UNITED STATES of America, Plaintiff–Appellee v. Jerry GOLLIHER, Defendant–Appellant.

No. 15–1586.

    Decided: April 28, 2016

Before SMITH, BYE, and BENTON, Circuit Judges.Jeffrey Robert Connolly, Rapid City, SD, Bian L. Gardner, Michael S. Weinstein, New York, NY, for Plaintiff–Appellee. Kevin Koliner, AUSA, Sioux Falls, SD, for Defendant–Appellant.

Jerry Golliher was convicted by a jury of attempted commercial sex trafficking of a minor. He appeals, arguing that his counsel was ineffective and that the district court1 should have admitted certain e-mails, provided the trial transcript to the jury in response to a jury question, and stricken the prosecutor's allegedly improper statements. We affirm.

I. Background

Law enforcement placed the following advertisement on a website: “Here for the [Biker] Rally with 2 younger girls that are down for most anything. Age makes no difference so don't be afraid to ask.” Golliher responded to that Internet ad by e-mail, not knowing that law enforcement had placed it as part of a sex-trafficking sting operation. The officer who received Golliher's e-mail responded, “Bobbi is 13 almost 14 and Toni is 12. They both have experience and are good to go. Let me know what you [think].” After an interchange that included age-regressed photos and a discussion of price and a meeting location, Golliher, expecting to pick up Bobbi, met undercover law enforcement. Golliher got out of his car and got into the car of the undercover officer, whom Golliher believed to be Bobbi's pimp. When the officer asked Golliher what he wanted, Golliher indicated that he was willing to pay the discussed $150 for half an hour with Bobbi. The officer promptly arrested Golliher. Golliher was charged with one count of attempted commercial sex trafficking of a minor, in violation of 18 U.S.C. §§ 1591(a)(1), 1591(b)(1), and 1594(a).

Before trial, the government sought to prohibit Golliher from introducing at trial e-mails that he had previously exchanged with purported prostitutes in which he rebuffed their services upon learning that they were underage.
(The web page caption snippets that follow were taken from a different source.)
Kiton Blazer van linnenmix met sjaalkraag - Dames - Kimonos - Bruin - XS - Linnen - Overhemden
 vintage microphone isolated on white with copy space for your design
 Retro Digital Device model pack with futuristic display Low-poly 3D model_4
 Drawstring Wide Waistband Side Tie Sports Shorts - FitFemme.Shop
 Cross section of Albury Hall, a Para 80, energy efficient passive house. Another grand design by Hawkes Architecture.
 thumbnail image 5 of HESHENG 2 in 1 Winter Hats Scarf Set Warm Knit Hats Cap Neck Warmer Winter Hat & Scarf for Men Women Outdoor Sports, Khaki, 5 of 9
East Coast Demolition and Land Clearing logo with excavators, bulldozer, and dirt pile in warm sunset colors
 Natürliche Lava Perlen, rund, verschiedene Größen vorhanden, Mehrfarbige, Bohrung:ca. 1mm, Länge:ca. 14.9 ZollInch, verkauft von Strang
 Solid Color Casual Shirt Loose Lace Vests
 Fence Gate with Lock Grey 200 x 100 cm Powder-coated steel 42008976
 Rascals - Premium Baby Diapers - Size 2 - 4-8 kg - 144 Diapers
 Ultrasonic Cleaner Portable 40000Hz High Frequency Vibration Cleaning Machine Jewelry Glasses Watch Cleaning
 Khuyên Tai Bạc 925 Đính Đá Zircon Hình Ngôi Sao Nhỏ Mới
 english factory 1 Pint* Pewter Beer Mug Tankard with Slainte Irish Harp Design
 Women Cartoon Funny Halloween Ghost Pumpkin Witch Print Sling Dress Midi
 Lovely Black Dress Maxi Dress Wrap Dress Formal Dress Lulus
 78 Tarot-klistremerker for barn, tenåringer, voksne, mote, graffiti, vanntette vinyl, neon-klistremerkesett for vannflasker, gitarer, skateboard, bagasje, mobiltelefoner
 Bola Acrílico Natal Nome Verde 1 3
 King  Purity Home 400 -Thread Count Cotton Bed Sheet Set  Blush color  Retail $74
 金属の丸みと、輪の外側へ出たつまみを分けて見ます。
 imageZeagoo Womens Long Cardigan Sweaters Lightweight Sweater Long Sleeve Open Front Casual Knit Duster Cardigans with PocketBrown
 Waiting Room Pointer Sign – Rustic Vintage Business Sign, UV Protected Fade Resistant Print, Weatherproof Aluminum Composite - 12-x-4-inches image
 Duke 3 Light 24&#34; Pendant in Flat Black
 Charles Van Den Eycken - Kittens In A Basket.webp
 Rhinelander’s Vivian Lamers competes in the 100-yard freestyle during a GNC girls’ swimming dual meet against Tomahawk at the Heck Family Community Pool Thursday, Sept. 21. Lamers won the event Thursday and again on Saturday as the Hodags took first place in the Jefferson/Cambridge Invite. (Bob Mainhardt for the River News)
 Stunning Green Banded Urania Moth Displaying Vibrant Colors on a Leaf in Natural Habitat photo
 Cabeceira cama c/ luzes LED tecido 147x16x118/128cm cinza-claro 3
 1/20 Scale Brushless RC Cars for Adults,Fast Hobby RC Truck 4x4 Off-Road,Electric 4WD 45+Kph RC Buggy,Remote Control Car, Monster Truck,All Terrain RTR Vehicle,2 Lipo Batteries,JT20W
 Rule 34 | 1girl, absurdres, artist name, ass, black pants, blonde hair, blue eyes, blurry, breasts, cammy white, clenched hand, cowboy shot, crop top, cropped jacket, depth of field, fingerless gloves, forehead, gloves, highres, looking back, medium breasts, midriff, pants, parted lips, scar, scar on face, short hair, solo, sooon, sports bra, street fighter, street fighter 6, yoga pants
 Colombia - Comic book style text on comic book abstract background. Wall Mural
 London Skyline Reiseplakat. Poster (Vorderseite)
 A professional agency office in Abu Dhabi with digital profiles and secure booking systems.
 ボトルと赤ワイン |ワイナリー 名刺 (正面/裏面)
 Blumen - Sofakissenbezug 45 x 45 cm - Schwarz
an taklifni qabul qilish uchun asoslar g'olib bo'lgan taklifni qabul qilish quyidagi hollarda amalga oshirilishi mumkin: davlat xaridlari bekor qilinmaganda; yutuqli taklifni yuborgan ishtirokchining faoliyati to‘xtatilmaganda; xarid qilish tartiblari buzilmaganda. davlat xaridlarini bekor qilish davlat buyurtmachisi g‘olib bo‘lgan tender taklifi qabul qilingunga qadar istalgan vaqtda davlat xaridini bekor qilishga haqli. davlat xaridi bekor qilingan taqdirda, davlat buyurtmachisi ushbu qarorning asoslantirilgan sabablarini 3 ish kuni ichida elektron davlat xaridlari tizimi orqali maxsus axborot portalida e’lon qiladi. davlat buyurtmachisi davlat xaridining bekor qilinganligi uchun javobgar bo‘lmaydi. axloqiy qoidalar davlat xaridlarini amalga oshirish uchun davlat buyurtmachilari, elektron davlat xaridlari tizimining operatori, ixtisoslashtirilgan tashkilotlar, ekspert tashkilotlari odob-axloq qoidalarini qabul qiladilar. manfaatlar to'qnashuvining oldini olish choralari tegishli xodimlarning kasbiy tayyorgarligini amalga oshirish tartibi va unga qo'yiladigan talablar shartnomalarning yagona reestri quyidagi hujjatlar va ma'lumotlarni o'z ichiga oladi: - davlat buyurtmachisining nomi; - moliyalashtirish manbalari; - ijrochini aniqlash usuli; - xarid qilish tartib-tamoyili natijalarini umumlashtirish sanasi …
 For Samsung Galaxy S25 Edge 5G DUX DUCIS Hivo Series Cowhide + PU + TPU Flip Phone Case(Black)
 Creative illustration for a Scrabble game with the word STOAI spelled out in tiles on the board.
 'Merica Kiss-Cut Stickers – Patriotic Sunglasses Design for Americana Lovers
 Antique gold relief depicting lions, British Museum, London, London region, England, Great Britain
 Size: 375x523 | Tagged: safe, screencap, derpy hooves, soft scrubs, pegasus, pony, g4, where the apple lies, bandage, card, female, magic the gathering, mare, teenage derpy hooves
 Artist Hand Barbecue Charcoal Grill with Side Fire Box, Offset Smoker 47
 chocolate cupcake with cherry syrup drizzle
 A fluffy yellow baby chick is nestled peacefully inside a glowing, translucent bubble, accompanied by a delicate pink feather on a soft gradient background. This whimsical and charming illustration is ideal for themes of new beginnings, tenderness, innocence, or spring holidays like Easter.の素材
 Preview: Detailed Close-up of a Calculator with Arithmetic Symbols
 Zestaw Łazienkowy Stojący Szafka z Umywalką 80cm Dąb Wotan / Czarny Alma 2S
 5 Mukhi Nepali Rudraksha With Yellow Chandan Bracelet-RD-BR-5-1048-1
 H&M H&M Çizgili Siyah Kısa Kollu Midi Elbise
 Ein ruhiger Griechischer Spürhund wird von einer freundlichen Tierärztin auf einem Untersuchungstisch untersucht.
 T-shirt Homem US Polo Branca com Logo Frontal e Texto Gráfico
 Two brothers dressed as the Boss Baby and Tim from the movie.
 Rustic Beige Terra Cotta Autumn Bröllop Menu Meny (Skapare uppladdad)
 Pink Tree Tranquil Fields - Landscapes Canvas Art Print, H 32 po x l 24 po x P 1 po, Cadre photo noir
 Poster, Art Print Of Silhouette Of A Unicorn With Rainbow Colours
Golliher asserts that the e-mails would have impacted the jury's deliberations significantly because they showed that he was not interested in underage sex. The court excluded the e-mails as hearsay. But the court and the prosecution recognized that Golliher might be permitted to introduce the e-mails as a prior consistent statement should the prosecution call into question whether the events took place. Golliher never recounted the events surrounding those e-mails during his voluntary testimony nor offered the e-mails for admission into evidence.

During the prosecutor's closing argument, he discussed the law of entrapment and the elements of the crime of attempt. The prosecutor explained the entrapment defense this way:

Let's flip over to the next instruction, ladies and gentlemen. Instruction number 3. Entrapment. What ․ you have to decide is was the defendant willing to do this or did somebody have to talk him into it? Did somebody have to twist his arm? In this case, the evidence showed two things. The government proved beyond a reasonable doubt that the defendant was willing [on] August 2, 2013, to go out on to the Internet to try to obtain a young girl for sex in exchange for $150. The government proved beyond a reasonable doubt that nobody forced him to do it. Nobody forced him to do it. The government has to prove one of these two things. Not both, but the evidence shows that he willingly did it and the evidence shows that nobody forced him to do it. He did it all on his own. He knew what he was doing and he took those steps all on his own.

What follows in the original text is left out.